## YOUR INSTRUCTIONS
In the records below, find the line with "9 Small Play" and the line with "dining room featuring". Print both exactly, along with every line between them, and no other line.

## EXERCISE INPUT
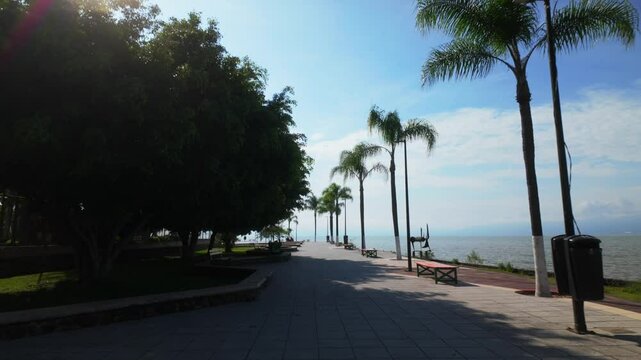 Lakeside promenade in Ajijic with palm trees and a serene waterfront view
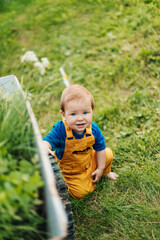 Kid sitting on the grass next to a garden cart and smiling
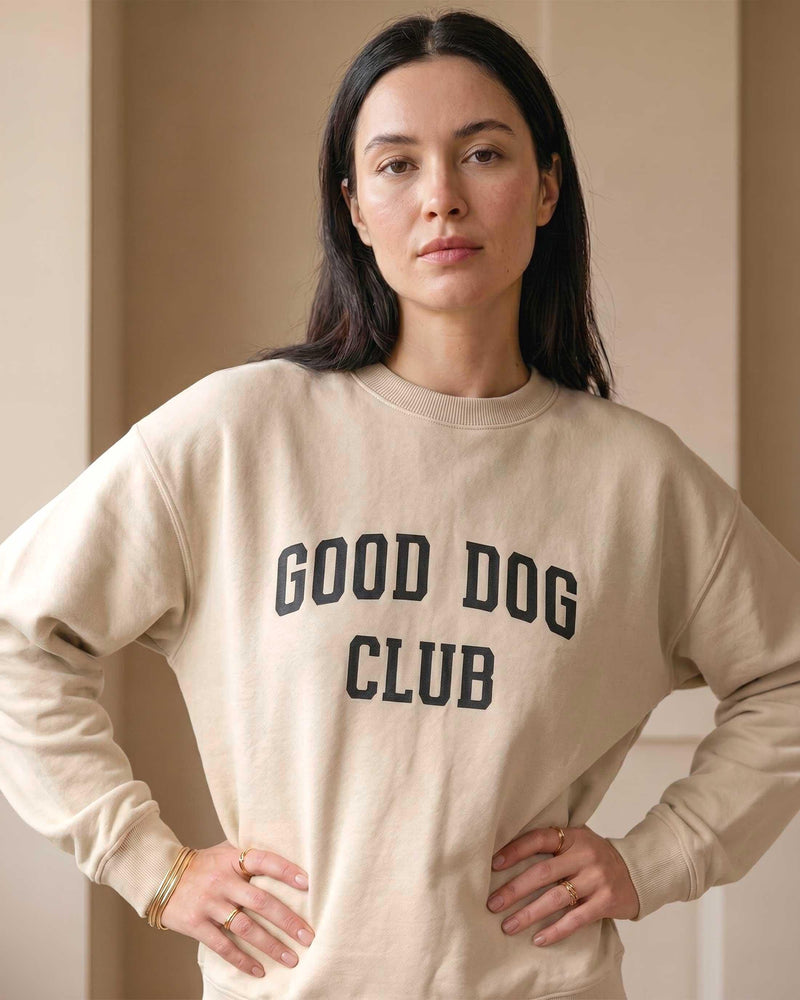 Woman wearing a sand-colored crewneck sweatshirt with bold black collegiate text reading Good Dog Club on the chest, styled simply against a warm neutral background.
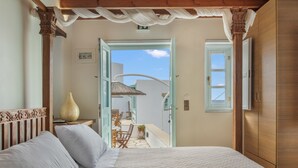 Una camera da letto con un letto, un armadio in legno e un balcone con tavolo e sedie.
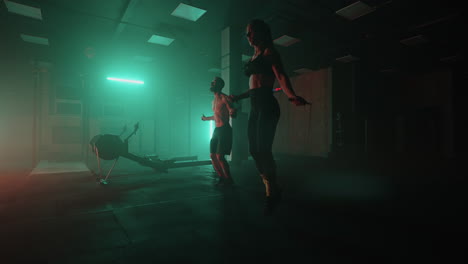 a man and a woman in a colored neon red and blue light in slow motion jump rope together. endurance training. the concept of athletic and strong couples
...
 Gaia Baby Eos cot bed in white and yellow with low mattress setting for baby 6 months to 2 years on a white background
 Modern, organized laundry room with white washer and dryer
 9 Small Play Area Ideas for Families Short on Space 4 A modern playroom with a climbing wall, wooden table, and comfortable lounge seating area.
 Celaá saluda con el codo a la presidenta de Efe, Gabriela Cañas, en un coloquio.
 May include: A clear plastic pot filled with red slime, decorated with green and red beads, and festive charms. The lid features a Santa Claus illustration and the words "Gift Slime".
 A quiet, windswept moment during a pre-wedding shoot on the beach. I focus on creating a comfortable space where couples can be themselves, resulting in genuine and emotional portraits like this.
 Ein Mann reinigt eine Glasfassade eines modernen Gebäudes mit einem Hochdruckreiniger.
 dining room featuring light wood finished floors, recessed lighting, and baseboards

## ANSWER BOX
 9 Small Play Area Ideas for Families Short on Space 4 A modern playroom with a climbing wall, wooden table, and comfortable lounge seating area.
 Celaá saluda con el codo a la presidenta de Efe, Gabriela Cañas, en un coloquio.
 May include: A clear plastic pot filled with red slime, decorated with green and red beads, and festive charms. The lid features a Santa Claus illustration and the words "Gift Slime".
 A quiet, windswept moment during a pre-wedding shoot on the beach. I focus on creating a comfortable space where couples can be themselves, resulting in genuine and emotional portraits like this.
 Ein Mann reinigt eine Glasfassade eines modernen Gebäudes mit einem Hochdruckreiniger.
 dining room featuring light wood finished floors, recessed lighting, and baseboards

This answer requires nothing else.